Sotto una buona stella
A differenza di ciò che abbiamo potuto apprendere tramite lavori quali “Bianco, rosso e Verdone” (1981) e “Acqua e sapone” (1983), il dramma, nel caso di questa ventiquattresima fatica registica del romano classe 1950 Carlo Verdone, non è posto alla fine ma all’inizio della visione, in quanto il protagonista Federico Picchioni – cui concede anima e corpo lo stesso regista – prima viene al corrente del decesso della ex moglie, poi si ritrova improvvisamente senza lavoro, dopo una brillante carriera all’interno di una holding finanziaria.
Ma, sebbene si tratti di una situazione che, vedendolo non più in grado di pagare l’affitto della casa in cui vivono i propri figli, lo costringe ad accoglierli nel suo appartamento, dove tutt’altro che bene si rapportano con Gemma alias Eleonora Sergio, nuova compagna dell’uomo, i momenti per spingere lo spettatore a sprofondare in sane risate non tardano a farsi vivi.
Perché non tarda ad entrare in scena neppure la mai disprezzabile Paola Cortellesi nei panni della tanto rumorosa quanto simpatica vicina di casa Luisa, donna spiritosa e piena di buon senso destinata ad instaurare un certo rapporto di complicità con i ragazzi interpretati dal Lorenzo Richelmy de “Il terzo tempo” (2013) e dalla Tea Falco di “Io e te” (2012), l’uno aspirante cantautore, l’altra aspirante scrittrice con figlia di colore a carico.
E, tra gli altri, sono lo Stefano Ambrogi di “Febbre da cavallo-La mandrakata” (2002) e il Lorenzo Renzi conosciuto soprattutto per aver preso parte alla serie televisiva “Romanzo criminale” (2008-2010) a incarnare quella grottesca romanità cui, da sempre, il Sergio Benvenuti di “Borotalco” (1982) ritaglia almeno un piccolo spazio nelle sue pellicole al fine di lasciarne emergere il lato divertente.

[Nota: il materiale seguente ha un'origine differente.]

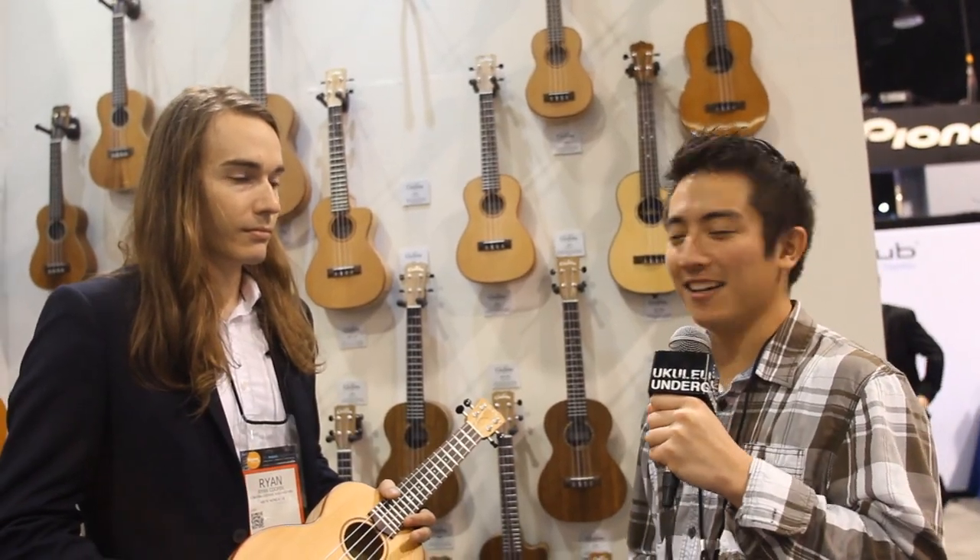Aloha, ukulele on the ground! This is Kyle and this is Ryan. We're here at the Cordoba booth.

Quella romanità qui inclusa, inoltre, nel corso di un assurdo reading di poesie, mentre provvedono scambi di carrozzine, audizioni per musicisti, una sequenza che si svolge durante un matrimonio e, addirittura, pitoni in agguato a rappresentare alcuni dei punti più comici di un’operazione sicuramente capace di intrattenere a dovere lo spettatore e di lasciarlo soddisfatto in maniera più che sufficiente, ma che non dimentica neppure di tirare in ballo al momento giusto aspetti sociali poco positivi come la fuga dei giovani da una Italia sempre più arida, egocentrica e in preda alla depressione... sebbene qualcosa ci spinga a pensare che l’insieme sarebbe potuto riuscire ancora meglio (citiamo soltanto il poco sviluppo del fondamentale personaggio di Gemma).
La frase:
"Io intendo per depressione che la gente si vuole divertire, volemo ridere!".